Once again, the ugly specter of requirement of
NCIDQ certification as a qualification for teaching has
risen to haunt the halls of interior design, striking fear into the hearts of young faculty and architects everywhere. I am so tired of listening to the same five people complain about the same three issues all the time and having it published everywhere as if somehow they are having a new thought. Let others participate in the knowledge creation and you'll have more ideas from which to draw. There's a small pool of people with all of the qualifications to do all of the things that allow people to have access to knowledge creation and dissemination and they continue to work to consolidate their
powerbase to the exclusion of others. Then, they want to know (or maybe just pretend to want to know) why interior design doesn't have the broad based appeal and unified voice it needs to advance beyond petty
squabbling.
Maybe if they would stop broadcasting, publishing themselves, creating more honors for which only they are eligible, appointing themselves to commissions and task forces and committees, and let someone, -anyone - else participate in the system, there would be an opportunity for some growth and change. However, I am not foolish enough to believe that they really strive for growth and change. Instead, they wish to ossify, as they have sanctified themselves and their visions of interior design and reap the benefits of being big fish in a little pond. If the pond grows, they won't seem so large. If the pond exists as water interacting with a larger hydrology then they certainly become insignificant. They are willing to sacrifice interior design in order to prove to themselves that they are right.

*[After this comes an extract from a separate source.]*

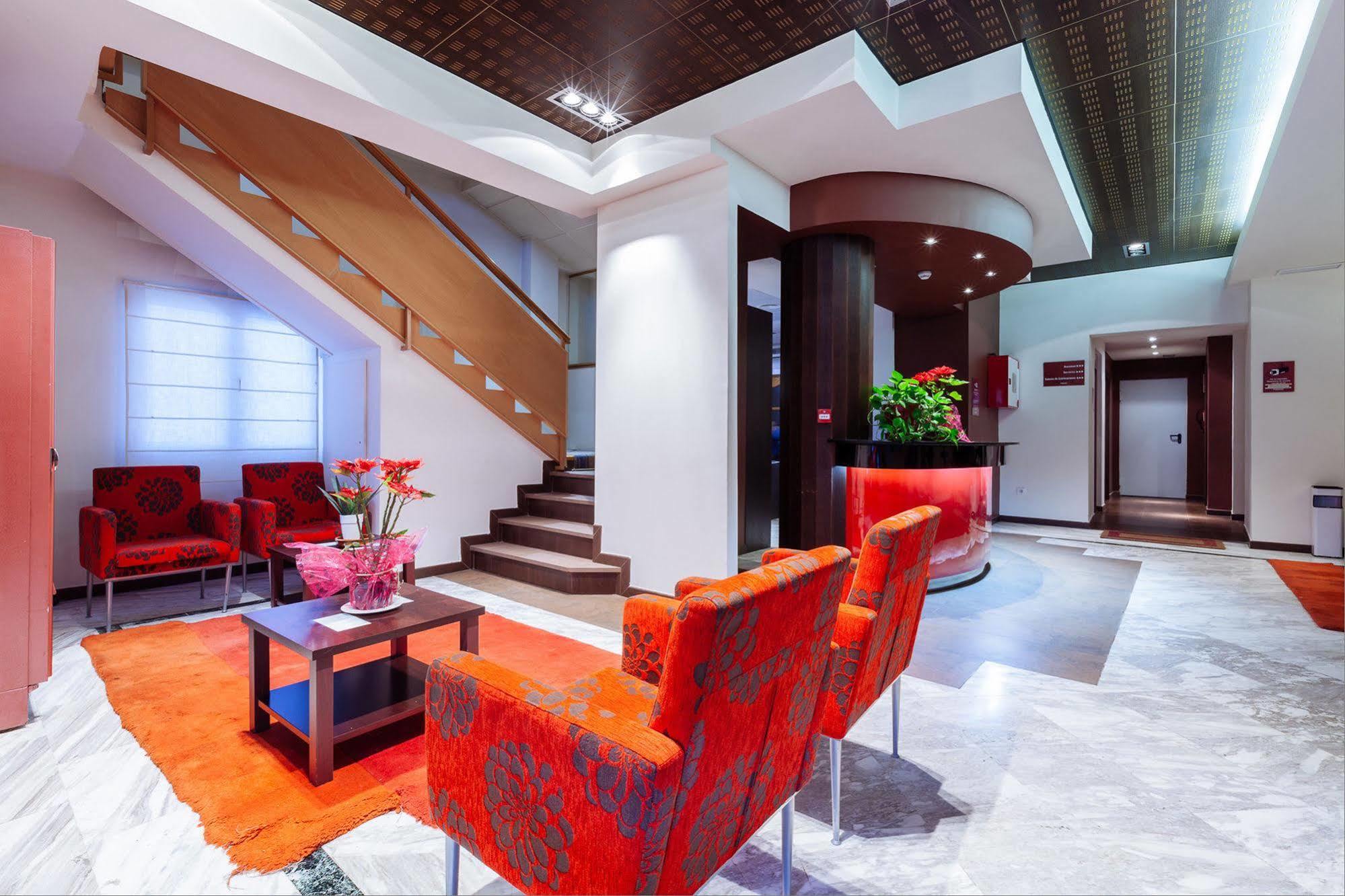 פליגרוס Hotel Philadelfia מראה חיצוני תמונה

I wonder when it is going to dawn on enough people that whatever we've been trying for the past 25 - 60 years hasn't been working and so maybe it is time for something new. No one ever gets into the history books with the tag line "this person kept everything exactly the same." It's very rarely the old guard who moves the revolution forward but the new guard is very rarely liked by the old guard. Design education must politely sidestep these individuals, these roadblocks to progress. It should be polite because, although their actions are often horribly misguided, at one point they too existed in rebellion to the prevailing paradigm. Their contributions were viable and created change, but they have been allowed to settle in and become legends in their own minds. It is time to reorganize ourselves outside of the existing models of design culture if we want to survive, and I think we do.
We must stop looking to those who benefit most from the continuance of the current situation to be the agents of change. The time for revolution is now.